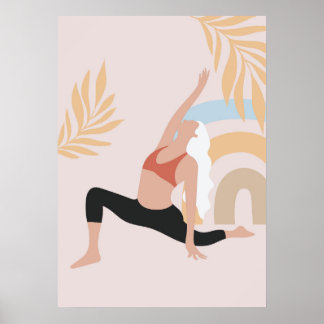 Yoga-Posen Poster
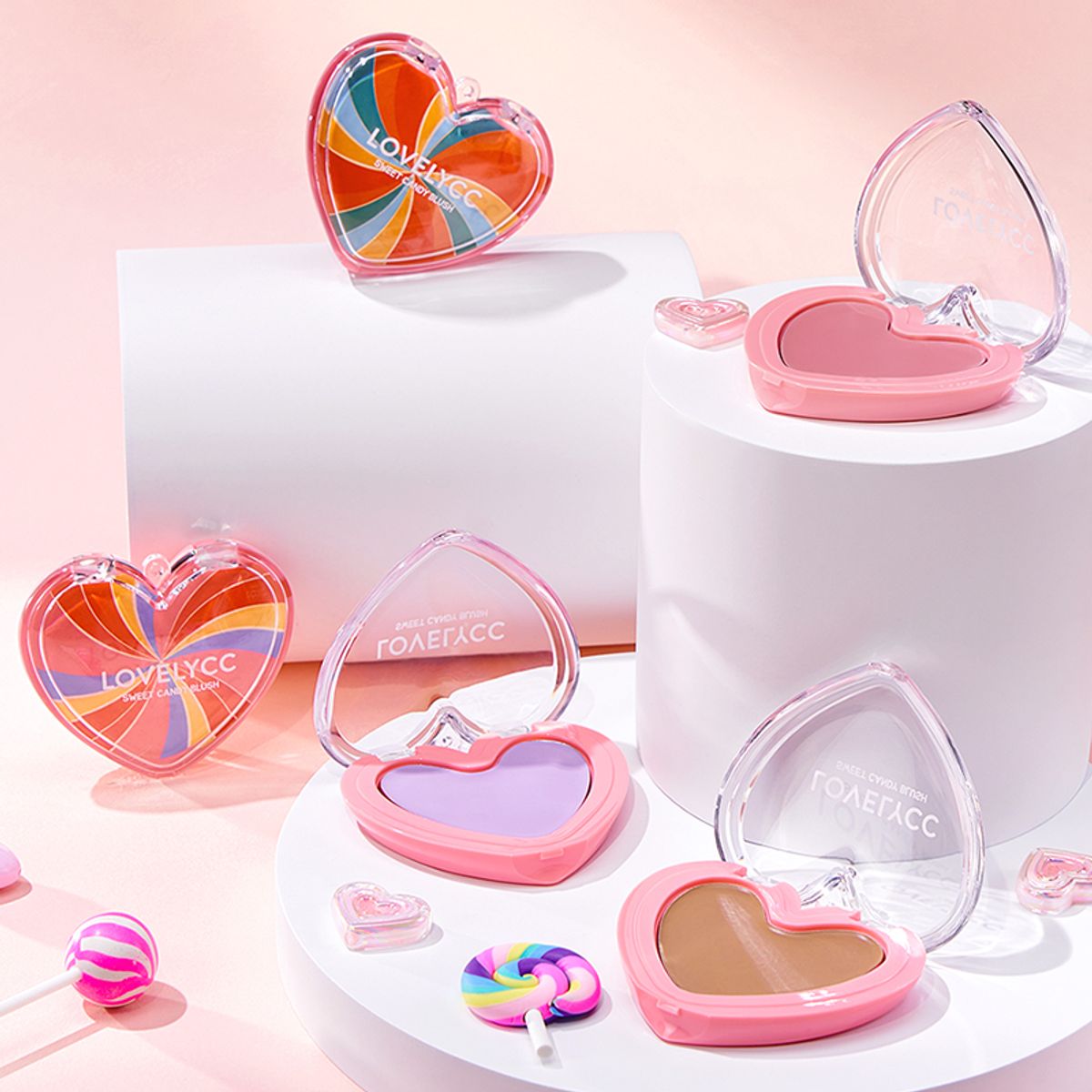 러블리씨씨(LOVELYCC) 스위트 캔드 블러셔 4.5g 5Colors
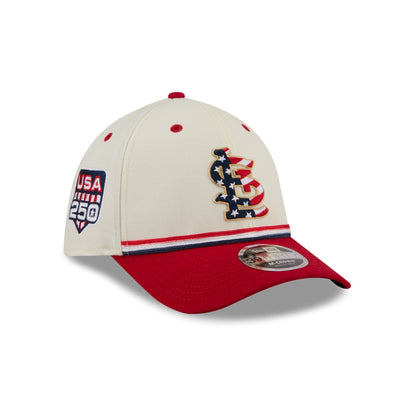 St. Louis Cardinals Independence Day 2026 39THIRTY M-Crown Stretch Fit Hat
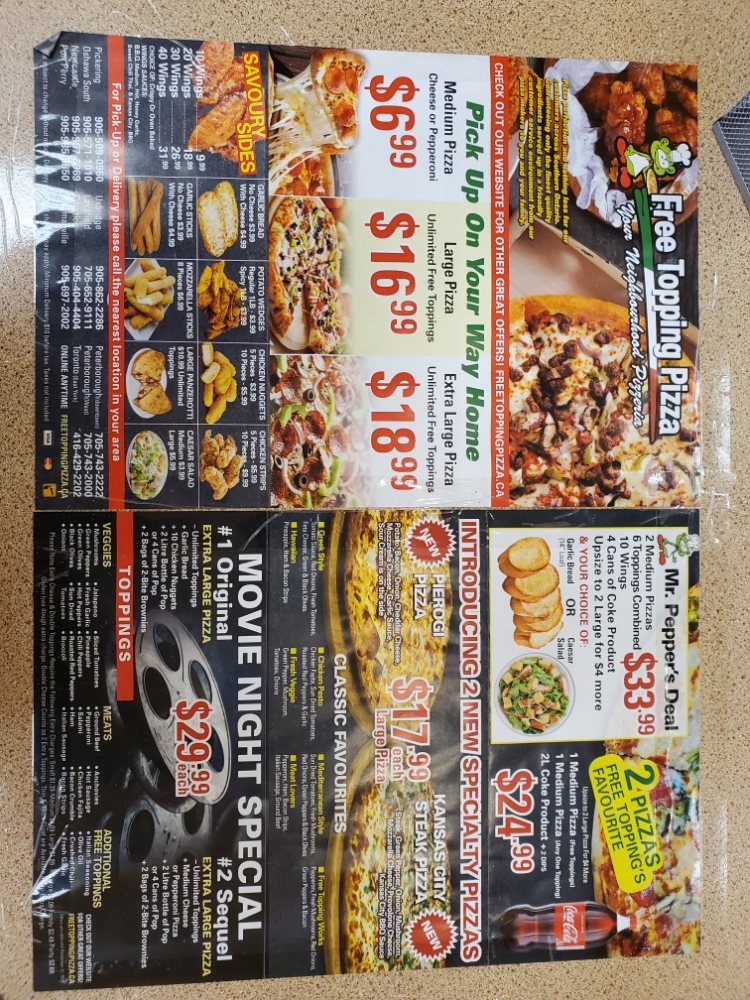 Free Topping Pizza Logo
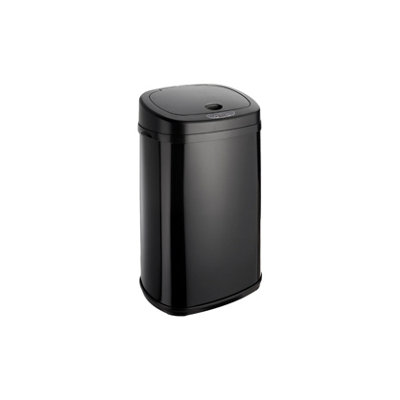 Dihl 30L Onyx Black with Black Lid Stainless Steel Auto Touchless Hands-free Sensor Kitchen Waste Dust Bin Automatic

|---|

Only the words belong in your copy: restate the data above exactly and leave the images out.

**Written answer:**
 Yoga-Posen Poster
 러블리씨씨(LOVELYCC) 스위트 캔드 블러셔 4.5g 5Colors
 St. Louis Cardinals Independence Day 2026 39THIRTY M-Crown Stretch Fit Hat
 Free Topping Pizza Logo
 Dihl 30L Onyx Black with Black Lid Stainless Steel Auto Touchless Hands-free Sensor Kitchen Waste Dust Bin Automatic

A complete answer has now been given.